Hertha Nathorff nahm sehr aktiv am sozialen Leben der deutschsprachigen Exil-Community teil: sie organisierte Kurse für Emigrant:innen in Kranken- und Säuglingspflege und kulturelle Veranstaltungen, war Gründerin des Open House für ältere Menschen, Vorsitzende der Frauengruppe sowie Ehrenmitglied des Präsidiums des New World Club.  In den Auszügen aus dem „Tagebuch der Hertha Nahorff Berlin-New York Aufzeichnungen 1933 bis 1945“, die wir in unserem Archiv zeigen, befasst sich die Autorin mit ihren Anfangsproblemen, Enttäuschungen und Kränkungen in der Neuen Welt. Sie berichtet vom Emigrantenalltag, vom Existenzkampf, von Armut und seelischen Zerstörungen. Selbst ist sie trotz der Sehnsucht nach den Stätten der Kindheit und Jugend nie mehr nach Deutschland gereist. Sie hat sich in Amerika nie richtig eingelebt. Das Heimweh blieb beständig.
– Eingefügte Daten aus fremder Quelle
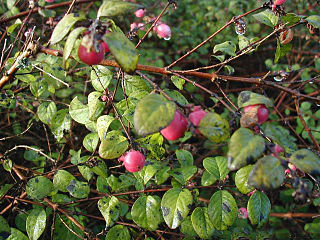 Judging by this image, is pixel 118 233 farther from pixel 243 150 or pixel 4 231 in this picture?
pixel 243 150

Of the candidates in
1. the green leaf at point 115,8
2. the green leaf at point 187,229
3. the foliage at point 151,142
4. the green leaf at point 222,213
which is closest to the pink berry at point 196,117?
the foliage at point 151,142

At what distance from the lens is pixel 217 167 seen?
1.07m

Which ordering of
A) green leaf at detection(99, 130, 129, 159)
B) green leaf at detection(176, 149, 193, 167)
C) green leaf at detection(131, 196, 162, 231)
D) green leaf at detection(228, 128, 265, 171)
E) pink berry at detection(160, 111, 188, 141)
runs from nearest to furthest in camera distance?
green leaf at detection(228, 128, 265, 171), pink berry at detection(160, 111, 188, 141), green leaf at detection(99, 130, 129, 159), green leaf at detection(131, 196, 162, 231), green leaf at detection(176, 149, 193, 167)

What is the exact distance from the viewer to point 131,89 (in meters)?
1.04

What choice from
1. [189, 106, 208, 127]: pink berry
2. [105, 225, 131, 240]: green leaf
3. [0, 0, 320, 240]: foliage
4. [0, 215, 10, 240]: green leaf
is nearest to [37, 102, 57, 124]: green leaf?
[0, 0, 320, 240]: foliage

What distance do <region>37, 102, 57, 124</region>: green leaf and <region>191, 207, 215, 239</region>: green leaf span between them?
73cm

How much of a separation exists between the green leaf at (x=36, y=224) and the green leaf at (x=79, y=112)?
388mm

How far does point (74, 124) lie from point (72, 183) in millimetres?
557

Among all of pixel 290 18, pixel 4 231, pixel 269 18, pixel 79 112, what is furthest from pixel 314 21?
pixel 4 231

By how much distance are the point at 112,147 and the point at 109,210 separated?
0.28m

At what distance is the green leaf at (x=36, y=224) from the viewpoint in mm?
1042

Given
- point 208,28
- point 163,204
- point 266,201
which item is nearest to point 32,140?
point 163,204

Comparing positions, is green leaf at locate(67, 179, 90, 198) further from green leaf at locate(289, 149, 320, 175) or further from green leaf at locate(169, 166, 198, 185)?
green leaf at locate(289, 149, 320, 175)

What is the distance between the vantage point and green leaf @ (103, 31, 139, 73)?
598 mm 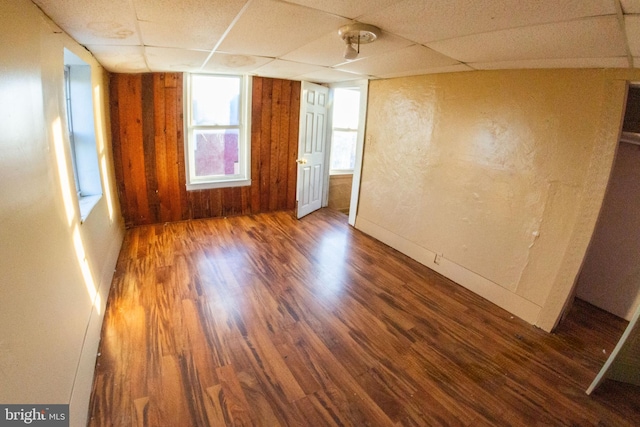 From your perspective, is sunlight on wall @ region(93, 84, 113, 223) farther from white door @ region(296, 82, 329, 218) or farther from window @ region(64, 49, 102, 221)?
white door @ region(296, 82, 329, 218)

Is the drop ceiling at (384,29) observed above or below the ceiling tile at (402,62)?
below

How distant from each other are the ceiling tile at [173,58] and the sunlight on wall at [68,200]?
0.96 meters

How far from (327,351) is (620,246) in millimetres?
2787

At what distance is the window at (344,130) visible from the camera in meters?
5.33

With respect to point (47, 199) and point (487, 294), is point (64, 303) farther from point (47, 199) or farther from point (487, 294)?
point (487, 294)

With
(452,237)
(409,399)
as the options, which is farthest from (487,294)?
(409,399)

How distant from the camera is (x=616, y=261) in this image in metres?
2.77

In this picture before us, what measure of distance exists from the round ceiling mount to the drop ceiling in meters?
0.04

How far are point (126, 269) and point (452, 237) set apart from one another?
3.29 meters

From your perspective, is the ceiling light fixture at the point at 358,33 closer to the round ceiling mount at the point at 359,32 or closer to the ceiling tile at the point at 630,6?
the round ceiling mount at the point at 359,32

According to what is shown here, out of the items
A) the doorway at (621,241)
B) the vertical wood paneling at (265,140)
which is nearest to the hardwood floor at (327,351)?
the doorway at (621,241)

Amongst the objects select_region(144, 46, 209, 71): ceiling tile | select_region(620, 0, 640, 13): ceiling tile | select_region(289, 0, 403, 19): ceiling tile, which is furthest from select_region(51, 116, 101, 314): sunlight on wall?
select_region(620, 0, 640, 13): ceiling tile

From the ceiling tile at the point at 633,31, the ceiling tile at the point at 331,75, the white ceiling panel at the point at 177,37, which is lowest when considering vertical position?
the ceiling tile at the point at 633,31

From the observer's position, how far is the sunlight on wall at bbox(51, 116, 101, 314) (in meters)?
1.75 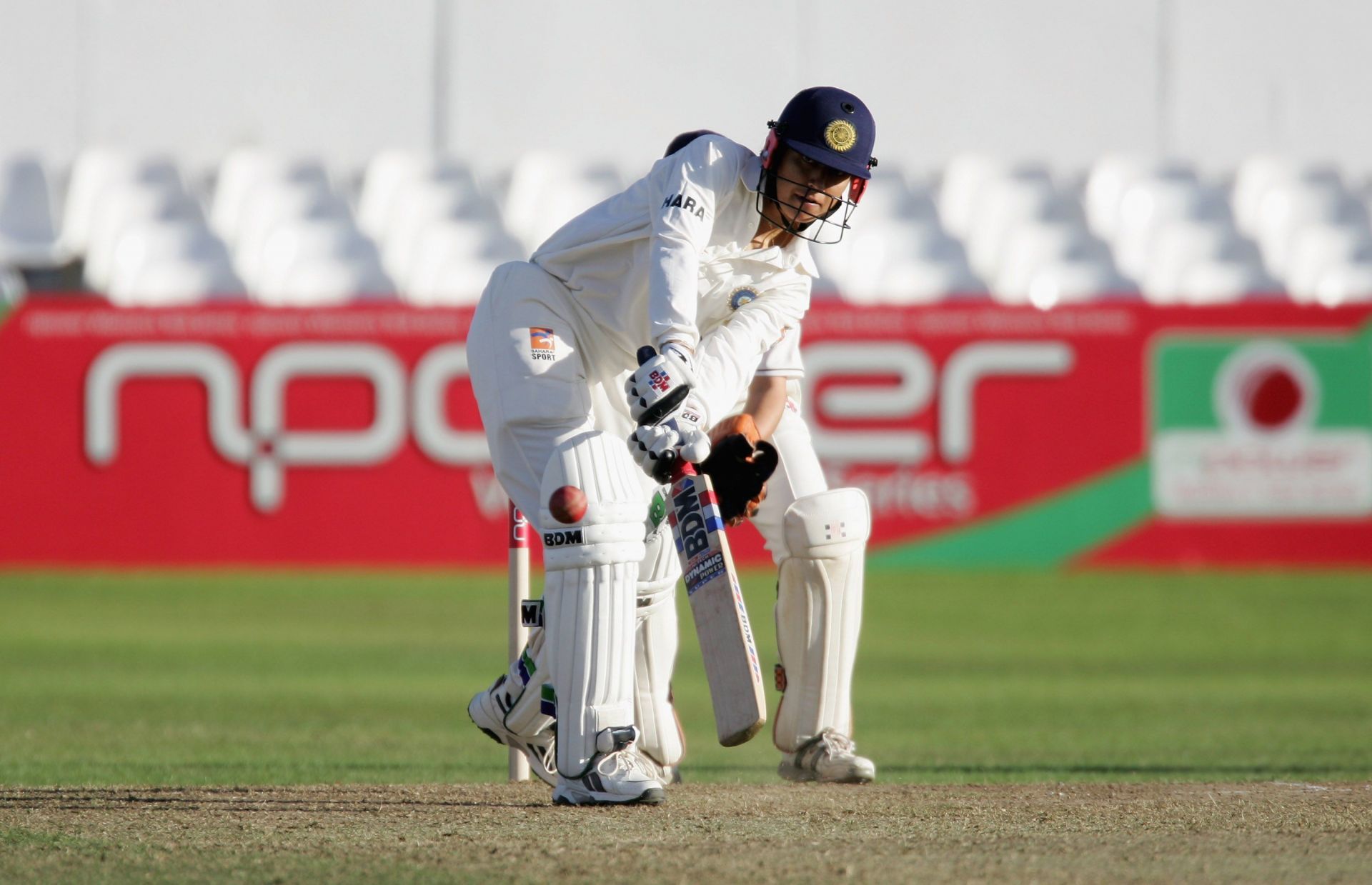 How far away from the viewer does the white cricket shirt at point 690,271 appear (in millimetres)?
3816

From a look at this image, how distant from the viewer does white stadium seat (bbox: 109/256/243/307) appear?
41.7 ft

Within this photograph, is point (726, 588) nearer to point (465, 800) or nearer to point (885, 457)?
point (465, 800)

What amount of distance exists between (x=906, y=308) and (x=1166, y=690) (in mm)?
4010

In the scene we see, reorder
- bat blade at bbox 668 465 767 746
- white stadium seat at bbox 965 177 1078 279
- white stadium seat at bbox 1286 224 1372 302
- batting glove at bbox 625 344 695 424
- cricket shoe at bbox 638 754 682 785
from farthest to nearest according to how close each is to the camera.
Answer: white stadium seat at bbox 965 177 1078 279, white stadium seat at bbox 1286 224 1372 302, cricket shoe at bbox 638 754 682 785, bat blade at bbox 668 465 767 746, batting glove at bbox 625 344 695 424

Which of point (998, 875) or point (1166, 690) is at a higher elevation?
Result: point (998, 875)

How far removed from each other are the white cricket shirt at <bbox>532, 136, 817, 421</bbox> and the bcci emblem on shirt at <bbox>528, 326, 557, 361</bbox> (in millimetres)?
133

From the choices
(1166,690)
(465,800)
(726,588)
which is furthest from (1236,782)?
(1166,690)

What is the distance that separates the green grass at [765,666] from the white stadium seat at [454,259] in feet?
8.78

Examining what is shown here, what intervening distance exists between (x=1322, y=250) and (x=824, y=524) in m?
11.2

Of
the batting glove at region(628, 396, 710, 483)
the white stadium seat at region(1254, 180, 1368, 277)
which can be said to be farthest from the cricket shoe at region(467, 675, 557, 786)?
the white stadium seat at region(1254, 180, 1368, 277)

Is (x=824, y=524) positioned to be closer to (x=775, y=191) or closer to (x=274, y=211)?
(x=775, y=191)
Ausschnitt aus dem Tagebuch Hertha Nathorff, herausgegeben und eingeleitet von Wolfgang Benz (1987): Das Tagebuch der Hertha Nathorff. Berlin – New York. Aufzeichnungen 1933 bis 1945. Schriftenreihe der Vierteljahrshefte für Zeitgeschichte, Band 54. R. Oldenbourg Verlag München, S. 43 und 51.